In December of 2015, I’d just finished my 1-year teaching contract in Japan. Hungry for adventure, I set off on a one-month sojourn along the eastern Australian coastline with a Scotswoman, a Frenchman and a Canberra-native in a Britz campervan. (No, this isn’t the start of a joke). There were all the usual road-trip high-jinks – forgetting to latch the kitchen drawers before hitting the highway, being delayed when our window was shattered by a ride-on mower at a rest stop, dodging the occasional kangaroo crossing the road, jamming the back door when we accidentally shut a sweater in it, battling plague-like proportions of flies and never ending sand, having our drying towels pooped on by a wombat. You know – the usual things. #justaustraliathings

When we were tired of staying in the close quarters of the camper and stuck without a place to stay for the night, I messaged an old friend of mine. Which was how we came to be eating a home-made dinner in a town outside Melbourne with my gracious friend, Amy and her lovely husband, Dave. It was one of the tastiest meals I’ve ever had and the company was great.

“So how do you know each other?” my friend, Tom, asked, as we got into eating.
Amy and I shared a look.
“Would you believe…Hanson?” We laughed. It seemed like some kind of codeword for something else. But no – really – it was the band Hanson.
I was fifteen in 1997 when Mmmbop came out (please stop calculating my age; you don’t have enough fingers and toes) and it was instant love. In May of that year, weeks before my 15th birthday, my mom drove me to their first-ever appearance at the Paramus Park Mall the day after their debut album Middle of Nowhere was released. The mall was mobbed with teaming masses of preteen and teen girls. Between the dodgy acoustics and the high-pitched screaming, I could barely hear Hanson – let alone see them around the six-thousand other people in attendance – but I knew I wanted more.

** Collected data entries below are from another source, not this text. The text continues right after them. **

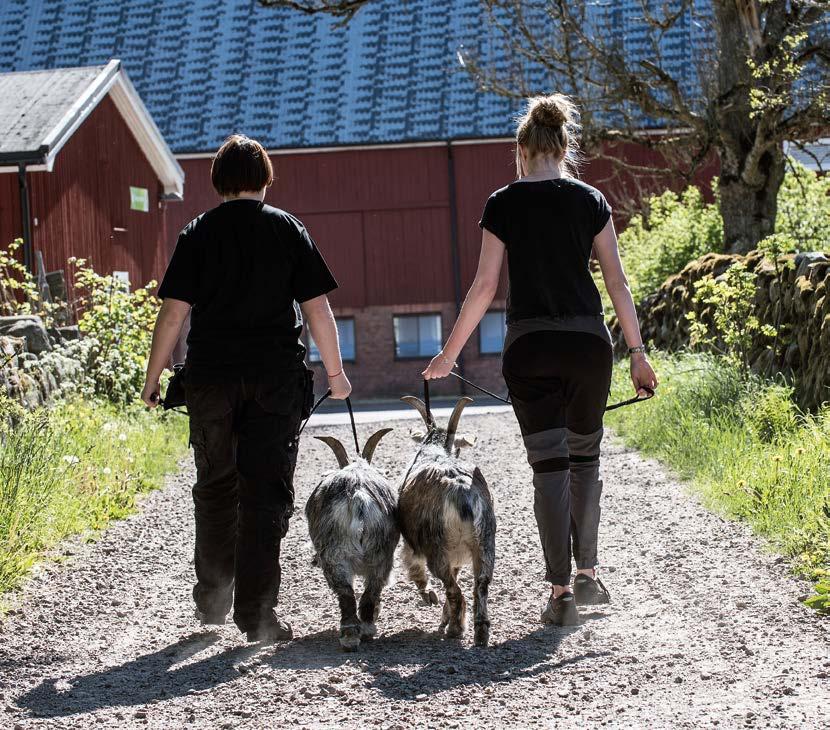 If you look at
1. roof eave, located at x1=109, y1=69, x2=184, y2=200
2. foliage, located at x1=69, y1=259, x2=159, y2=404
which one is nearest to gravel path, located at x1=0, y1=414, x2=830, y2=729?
foliage, located at x1=69, y1=259, x2=159, y2=404

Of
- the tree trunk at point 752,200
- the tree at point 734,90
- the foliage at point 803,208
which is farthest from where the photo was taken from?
the tree trunk at point 752,200

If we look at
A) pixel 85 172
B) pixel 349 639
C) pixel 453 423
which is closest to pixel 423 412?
pixel 453 423

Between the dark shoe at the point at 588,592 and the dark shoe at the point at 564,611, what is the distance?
37cm

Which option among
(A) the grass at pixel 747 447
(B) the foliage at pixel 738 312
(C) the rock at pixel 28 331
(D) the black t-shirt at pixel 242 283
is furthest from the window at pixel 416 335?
(D) the black t-shirt at pixel 242 283

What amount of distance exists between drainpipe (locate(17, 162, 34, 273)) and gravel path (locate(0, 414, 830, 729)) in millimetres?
14159

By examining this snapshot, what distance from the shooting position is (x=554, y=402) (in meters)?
5.55

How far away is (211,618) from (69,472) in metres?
3.21

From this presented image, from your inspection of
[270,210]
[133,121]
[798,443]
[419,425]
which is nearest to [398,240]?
[133,121]

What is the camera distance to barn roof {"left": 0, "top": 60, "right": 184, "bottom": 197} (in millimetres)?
20719

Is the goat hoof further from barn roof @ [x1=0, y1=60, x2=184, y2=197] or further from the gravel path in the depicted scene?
barn roof @ [x1=0, y1=60, x2=184, y2=197]

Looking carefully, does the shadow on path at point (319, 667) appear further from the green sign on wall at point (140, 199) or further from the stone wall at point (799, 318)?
the green sign on wall at point (140, 199)

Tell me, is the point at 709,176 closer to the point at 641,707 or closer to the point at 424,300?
the point at 424,300

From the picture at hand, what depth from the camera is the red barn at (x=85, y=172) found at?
2120 centimetres

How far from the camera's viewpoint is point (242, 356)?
17.8ft
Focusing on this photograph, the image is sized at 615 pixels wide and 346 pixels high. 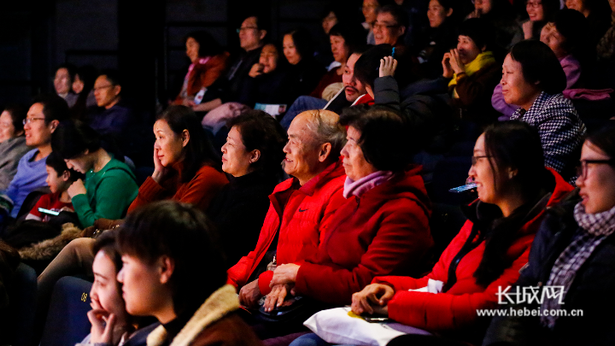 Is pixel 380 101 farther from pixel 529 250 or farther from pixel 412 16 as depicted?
pixel 412 16

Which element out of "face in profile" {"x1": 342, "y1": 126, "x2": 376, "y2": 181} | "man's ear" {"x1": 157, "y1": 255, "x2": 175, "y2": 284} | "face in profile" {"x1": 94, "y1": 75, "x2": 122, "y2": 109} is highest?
"face in profile" {"x1": 342, "y1": 126, "x2": 376, "y2": 181}

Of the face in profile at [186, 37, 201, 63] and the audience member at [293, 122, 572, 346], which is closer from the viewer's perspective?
the audience member at [293, 122, 572, 346]

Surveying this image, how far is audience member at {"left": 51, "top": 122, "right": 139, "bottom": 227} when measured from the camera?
3.81 m

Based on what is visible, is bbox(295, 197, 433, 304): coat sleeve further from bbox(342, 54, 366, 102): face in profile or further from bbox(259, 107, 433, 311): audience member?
bbox(342, 54, 366, 102): face in profile

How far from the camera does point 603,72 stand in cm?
390

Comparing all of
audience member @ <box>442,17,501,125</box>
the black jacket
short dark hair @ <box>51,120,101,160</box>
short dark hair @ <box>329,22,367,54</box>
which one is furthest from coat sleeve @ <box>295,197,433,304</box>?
short dark hair @ <box>329,22,367,54</box>

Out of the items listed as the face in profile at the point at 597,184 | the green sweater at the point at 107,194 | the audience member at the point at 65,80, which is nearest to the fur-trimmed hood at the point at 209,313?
the face in profile at the point at 597,184

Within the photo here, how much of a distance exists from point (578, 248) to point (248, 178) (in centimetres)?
168

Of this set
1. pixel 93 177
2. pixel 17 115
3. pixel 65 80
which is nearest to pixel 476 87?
pixel 93 177

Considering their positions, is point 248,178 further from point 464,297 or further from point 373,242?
point 464,297

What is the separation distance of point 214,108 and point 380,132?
3.42 metres

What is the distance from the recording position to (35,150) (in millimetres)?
4809

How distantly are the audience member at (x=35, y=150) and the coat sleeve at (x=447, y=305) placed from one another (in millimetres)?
3157

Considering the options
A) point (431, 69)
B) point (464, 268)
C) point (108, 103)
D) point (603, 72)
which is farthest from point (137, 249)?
point (108, 103)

Thus began a ten year period of me following the band around the country. (In terms of devotion, Hanson has a Phish-like fanbase). I bought their music and merch, obsessively recorded all of their TV appearances on VHS, filled a binder with magazine clippings from Bop and TigerBeat, saw them perform live more than twenty-five times, drove twenty hours to Tulsa for Hanson Day and saw them perform aboard a cruise-ship in international waters. And while I did it all because I liked Hanson‘s music and their androgynous, non-threatening good looks – what I got out of loving them was so much more.

I made good friends with a couple (Dusty and Danyalle) from Pennsylvania who went a road trip with me to see Hanson in Tulsa. I made a good friend from Minneapolis, Cailin, who I went sky-diving with in Rhode Island and attended a midnight release party of the last Harry Potter book. (We literally sat in my house and read without talking to each other for two days – the best kind of friendship). I met Lily and Whitney and Allison and Jenny and Laura and Kate and Kim and Alma (and so many more). And I met Amy – who came from Australia to stay with me and do the tourist circuit of New York City. Many years later – now married and a mom – Amy would return the favor.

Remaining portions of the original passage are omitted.